### Task to complete
Return nothing but the lines from the one with "Denim Pants See" through the one with "Hush Puppies Womens" in the data below, word for word and without pictures.
##### Excerpted records #####
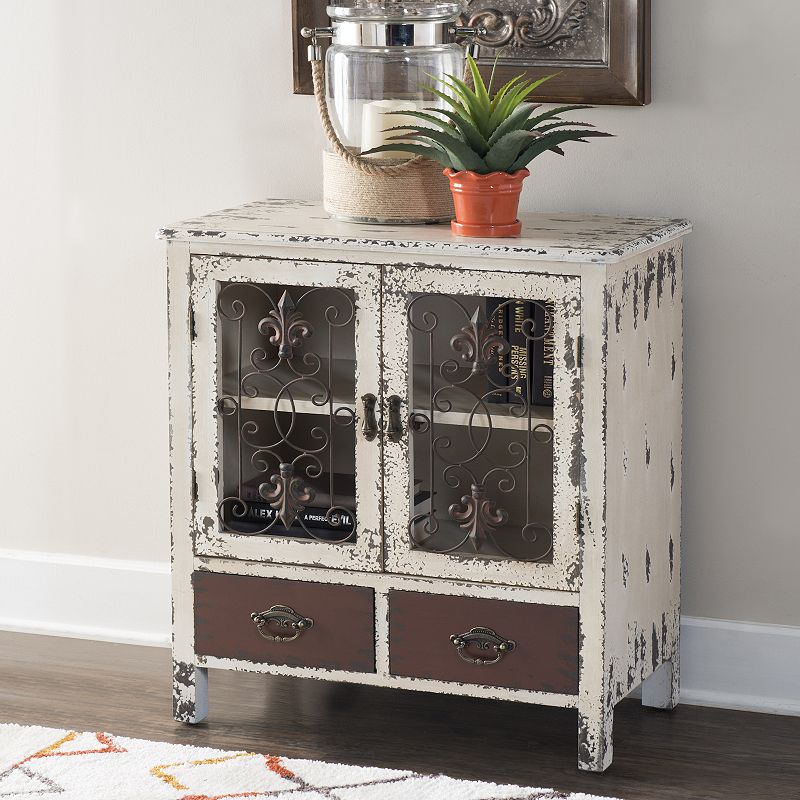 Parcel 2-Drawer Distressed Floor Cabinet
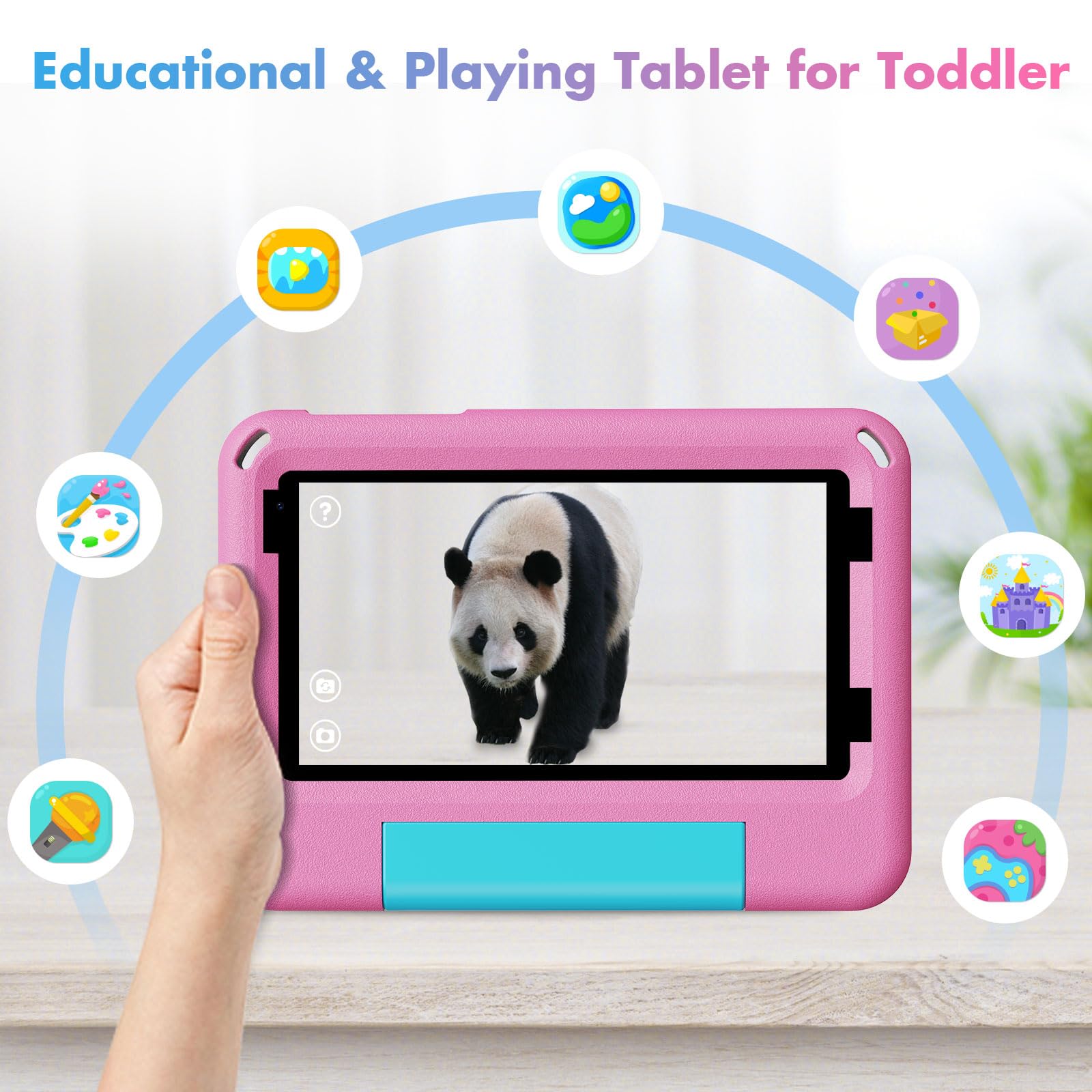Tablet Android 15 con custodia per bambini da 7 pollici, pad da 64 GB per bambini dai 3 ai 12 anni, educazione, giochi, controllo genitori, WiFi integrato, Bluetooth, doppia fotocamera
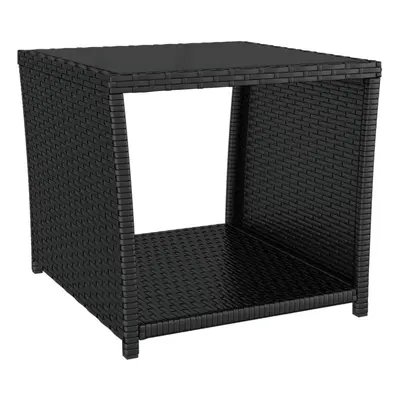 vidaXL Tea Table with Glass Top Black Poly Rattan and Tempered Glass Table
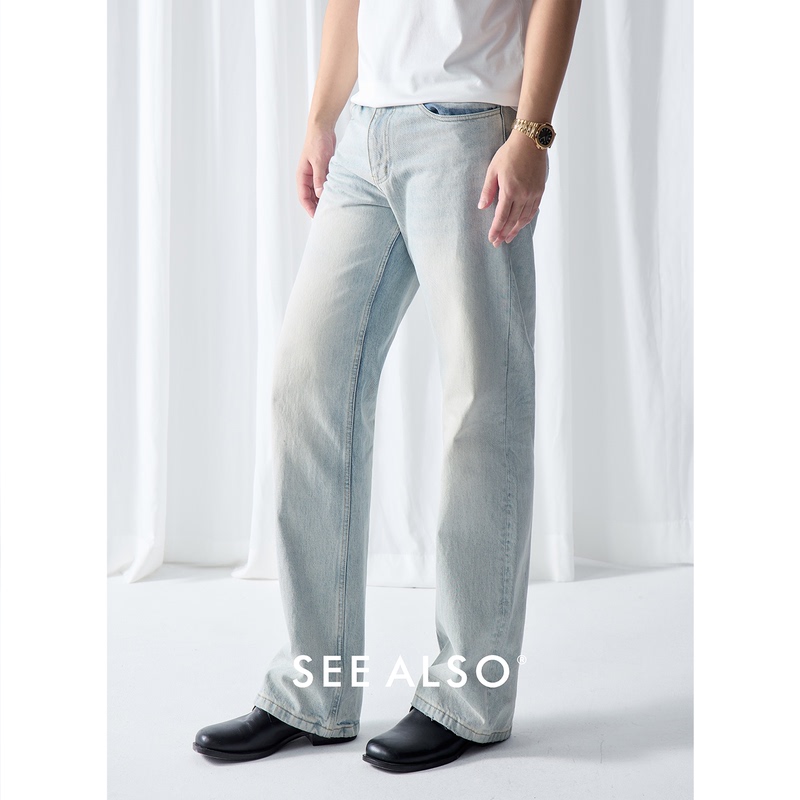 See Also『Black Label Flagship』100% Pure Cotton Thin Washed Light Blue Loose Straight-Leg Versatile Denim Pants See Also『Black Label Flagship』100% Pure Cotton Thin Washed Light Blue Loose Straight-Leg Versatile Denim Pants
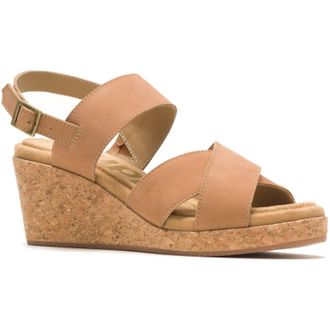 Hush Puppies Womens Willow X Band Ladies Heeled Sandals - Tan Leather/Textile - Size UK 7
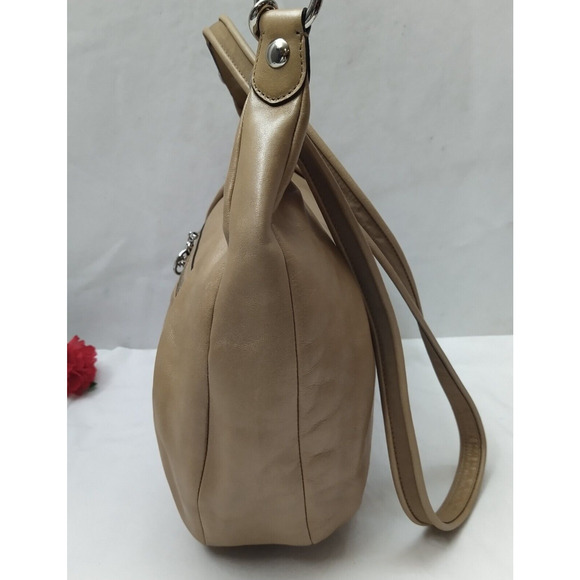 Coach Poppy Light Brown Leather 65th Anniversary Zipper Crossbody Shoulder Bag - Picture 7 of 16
#####
### Response
 See Also『Black Label Flagship』100% Pure Cotton Thin Washed Light Blue Loose Straight-Leg Versatile Denim Pants See Also『Black Label Flagship』100% Pure Cotton Thin Washed Light Blue Loose Straight-Leg Versatile Denim Pants
 Hush Puppies Womens Willow X Band Ladies Heeled Sandals - Tan Leather/Textile - Size UK 7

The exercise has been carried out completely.